The origin of many of golf terms stems from the early 1900s and provides for interesting reading with some amusing stories.
If you ask golfers what a bogey means, many will respond with the 1-over par explanation, but few will be able to explain the origins and how it relates to par.
Bogey, like so many other golfing terms, has 2 connotations dependent on the period in history and context that you refer to. To put the term in perspective, I will delve into the history which will hopefully clear up any misunderstanding.
What Exactly Is A Bogey?
The concept of bogey was invented in 1890 by Mr. Hugh Rotherham, then secretary of the Coventry Golf Club. The idea behind this was to set a standard score for good golfers on every hole. This was called the “ground score”.
Although the term “par” was also used at the time it referred to the ’perfect’ score on a hole. Par was a popular measurement in the US whereas bogey was trending in the UK.
Every golf club was left with the responsibility to assess and define bogey or ground score and the implementation varied between golf clubs.
As golfers improved in ability and equipment scores reduced and the better golfers would sometimes aim for par rather than bogey.
Par and bogey scores of each hole were often the same but sometimes the bogey score for the most difficult holes would be one over par hence the use of bogey in the modern context.
Some more traditional golf clubs still show the bogey score and a par score on their scorecard and there are still bogey competitions held regularly. Generally, the bogey score for a round will be approximately 5-6 shots higher than par.
When developing the frequently used Stableford scoring system, Dr. Frank Stableford points were awarded against bogey, not par. 2 points were awarded on a hole if you matched the bogey score under Dr. Stableford’s original system
The use of the term “par” dates back to the early 1900s. The length of the hole determined the par of each hole.
The USGA originally determined that each par designation would allow for 2 putts and the remainder of par is dependent on the number of shots required to get to the green. Par was calculated as
- Holes up to 225 yards would be a par 3
- Holes between 225 and 425 yards would be a par 4
- Holes of 426 to 600 yards would be a par 5
- Holes longer than 600 yards would be a par 6
What we have established by now is that the term bogey refers to 1 shot over par.

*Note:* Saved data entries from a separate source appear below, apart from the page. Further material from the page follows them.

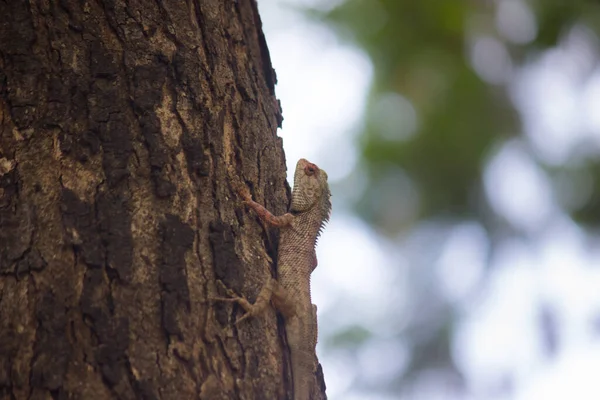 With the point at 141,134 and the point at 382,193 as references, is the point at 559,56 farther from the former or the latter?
the point at 141,134

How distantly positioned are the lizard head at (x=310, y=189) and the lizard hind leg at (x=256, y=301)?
1.72 meters

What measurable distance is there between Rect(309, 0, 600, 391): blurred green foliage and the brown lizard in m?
2.23

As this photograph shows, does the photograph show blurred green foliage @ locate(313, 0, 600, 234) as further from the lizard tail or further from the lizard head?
the lizard tail

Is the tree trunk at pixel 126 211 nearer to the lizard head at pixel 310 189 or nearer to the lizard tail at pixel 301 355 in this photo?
the lizard tail at pixel 301 355

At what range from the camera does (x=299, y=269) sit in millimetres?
4469

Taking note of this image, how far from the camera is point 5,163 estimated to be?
300 cm

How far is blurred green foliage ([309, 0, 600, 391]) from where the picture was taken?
6.94 meters

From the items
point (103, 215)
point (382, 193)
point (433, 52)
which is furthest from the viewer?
point (382, 193)

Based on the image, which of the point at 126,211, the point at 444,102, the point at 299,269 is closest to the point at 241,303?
the point at 126,211

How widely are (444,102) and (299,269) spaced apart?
134 inches

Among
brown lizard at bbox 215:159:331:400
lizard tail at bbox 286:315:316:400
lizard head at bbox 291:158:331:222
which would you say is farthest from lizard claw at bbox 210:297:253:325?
→ lizard head at bbox 291:158:331:222

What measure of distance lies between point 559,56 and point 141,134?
5259 millimetres

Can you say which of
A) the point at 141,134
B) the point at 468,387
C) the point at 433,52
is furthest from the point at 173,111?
the point at 468,387

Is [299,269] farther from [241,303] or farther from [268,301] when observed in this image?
[241,303] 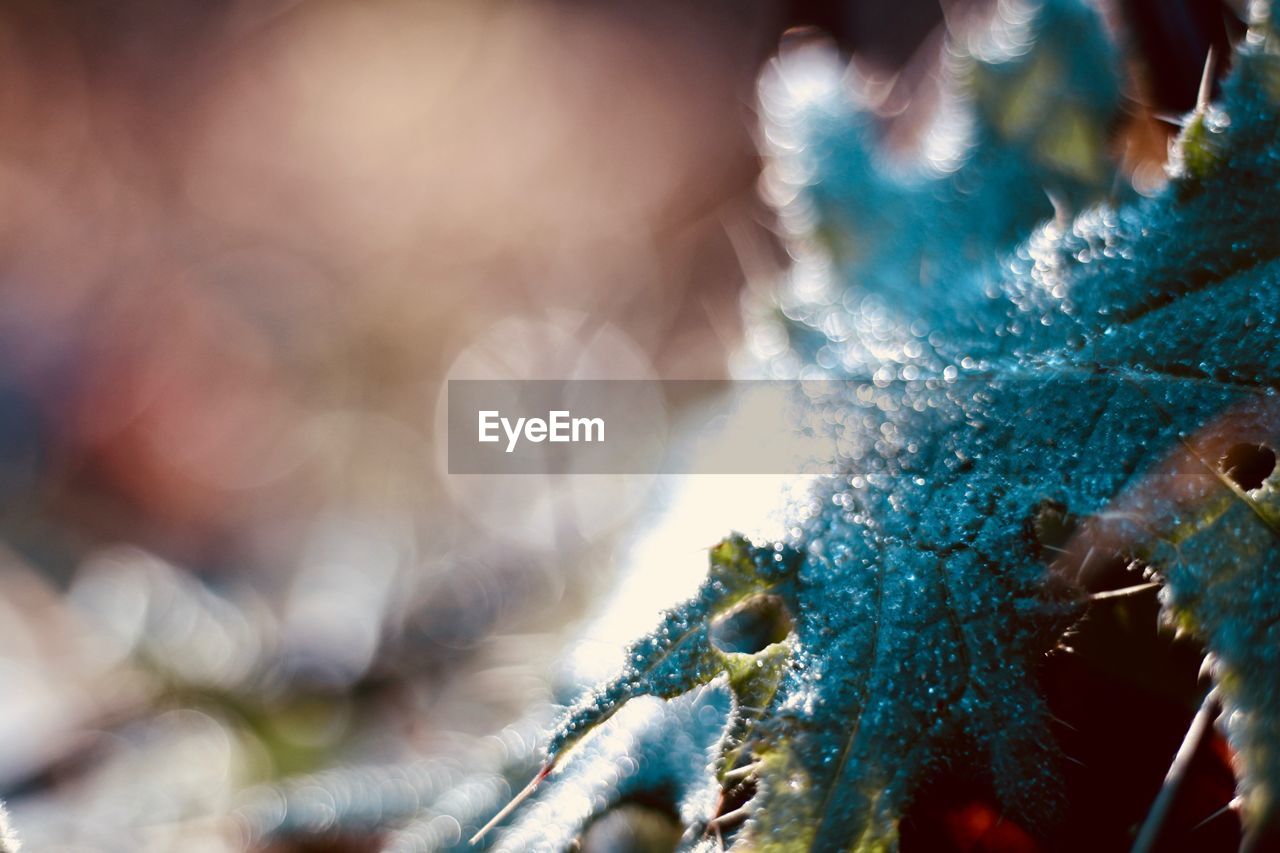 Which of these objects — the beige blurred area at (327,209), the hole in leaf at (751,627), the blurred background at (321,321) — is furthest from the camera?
the beige blurred area at (327,209)

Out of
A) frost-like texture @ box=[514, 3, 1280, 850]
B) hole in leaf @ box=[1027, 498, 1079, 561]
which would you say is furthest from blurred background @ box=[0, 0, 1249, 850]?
hole in leaf @ box=[1027, 498, 1079, 561]

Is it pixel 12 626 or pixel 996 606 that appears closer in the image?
pixel 996 606

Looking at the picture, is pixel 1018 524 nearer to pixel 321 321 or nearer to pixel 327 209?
pixel 321 321

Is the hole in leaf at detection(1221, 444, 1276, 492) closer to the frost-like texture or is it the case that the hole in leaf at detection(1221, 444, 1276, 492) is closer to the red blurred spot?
the frost-like texture

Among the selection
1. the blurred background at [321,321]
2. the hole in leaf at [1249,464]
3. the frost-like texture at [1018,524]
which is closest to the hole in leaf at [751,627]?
the frost-like texture at [1018,524]

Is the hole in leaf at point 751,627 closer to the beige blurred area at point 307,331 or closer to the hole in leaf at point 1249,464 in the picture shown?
the hole in leaf at point 1249,464

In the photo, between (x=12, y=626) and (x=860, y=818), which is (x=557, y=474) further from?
(x=860, y=818)

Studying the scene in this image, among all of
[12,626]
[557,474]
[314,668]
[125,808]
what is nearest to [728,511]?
[125,808] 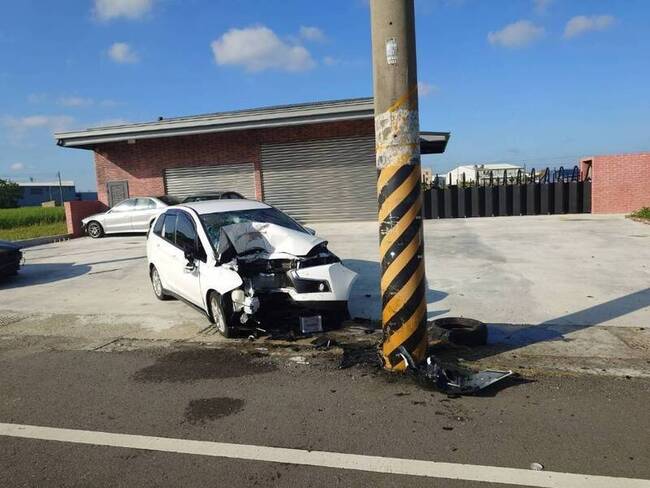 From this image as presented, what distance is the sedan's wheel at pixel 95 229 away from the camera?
63.7 ft

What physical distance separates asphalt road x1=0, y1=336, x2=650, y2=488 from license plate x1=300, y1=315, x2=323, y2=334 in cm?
63

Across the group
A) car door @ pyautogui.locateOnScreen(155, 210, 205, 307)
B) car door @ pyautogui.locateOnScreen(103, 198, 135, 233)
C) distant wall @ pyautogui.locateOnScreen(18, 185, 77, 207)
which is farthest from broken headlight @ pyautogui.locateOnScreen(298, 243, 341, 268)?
distant wall @ pyautogui.locateOnScreen(18, 185, 77, 207)

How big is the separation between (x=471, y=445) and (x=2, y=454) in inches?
130

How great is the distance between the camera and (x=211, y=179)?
20.9 meters

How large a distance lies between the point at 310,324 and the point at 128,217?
14613mm

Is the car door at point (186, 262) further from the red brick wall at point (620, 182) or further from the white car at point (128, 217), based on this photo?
the red brick wall at point (620, 182)

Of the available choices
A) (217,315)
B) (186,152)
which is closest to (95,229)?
(186,152)

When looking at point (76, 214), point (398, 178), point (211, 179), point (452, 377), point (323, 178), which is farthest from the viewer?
point (211, 179)

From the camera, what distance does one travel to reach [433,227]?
1684cm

Where Does The Term “Bogey” Come From?
Some versions of the origin of the term “bogey “, indicate that it originated from Scotland although there are different versions of this.
- One version credits Major Charles Wellman remarked that a player was “a regular Bogey man”
- Another version ascribes the term to Scottish slang for goblins or devils.
- Other versions suggest that the term is derived from an English dance hall song titled “The Bogey Man” which included the lyrics, “I’m the Bogey Man, catch me if you can.”
- Yet another version suggests that includes the same song is that a certain Dr. Browne, Secretary of the Great Yarmouth Club, embraced the term and the club’s golfers agreed to the use of the term. It is said that during a competition Mr. CA Wellman bellowed to Dr. Browne that “This player of yours is a regular Bogey man”.
Now that we have attempted to determine where the bogey originated and who was possibly responsible for the common use of the term, let us look at the variations of the term for increments of over-par scores.
To record a bogey, you have to score 1 shot more than the regular par score set by the golf club for the specific hole.
- On a par 3, a score of 4 will be called a bogey
- On a par 4, a score of 5 will be called a bogey
- On a par 5, a score of 6 will be called a bogey
- On a par 6, a score of 7 will be called a bogey
Unlike scores below par having different avian terms, the bogey remains the only term used for scores over par. Some golfers have tried to get the term “buzzard” accepted for a double bogey, but this has not become common use.
Scoring 2 over par is called a “double bogey”, 3 over par a triple bogey, 4 over par a quadruple bogey, 5 over par a quintuple bogey, and higher scores, which you are unlikely to score, follows the trend.
Professional golfers are often frustrated when scoring a bogey but the average golfer with a handicap between 16 and 20 is expected to score a bogey on every hole.
The USPGA sets the average golf handicap at 15. These golfers are often called “bogey golfers”. Since most golfers can score par on some holes it is common to see some double or triple bogeys on the card at the end of the round.
I hope that this article shed some light on where the bogey originated and how it became a 1 over par score as it is used to today.
To do a more in-depth investigation into the history and terms used in golf with all the quirks associated with it, you can find more information in Robert Browning’s History of Golf 1955.
Enjoy your next round and leave the doubles and triples for later when you drown our sorrows or celebrate your excellent round on the 19th hole.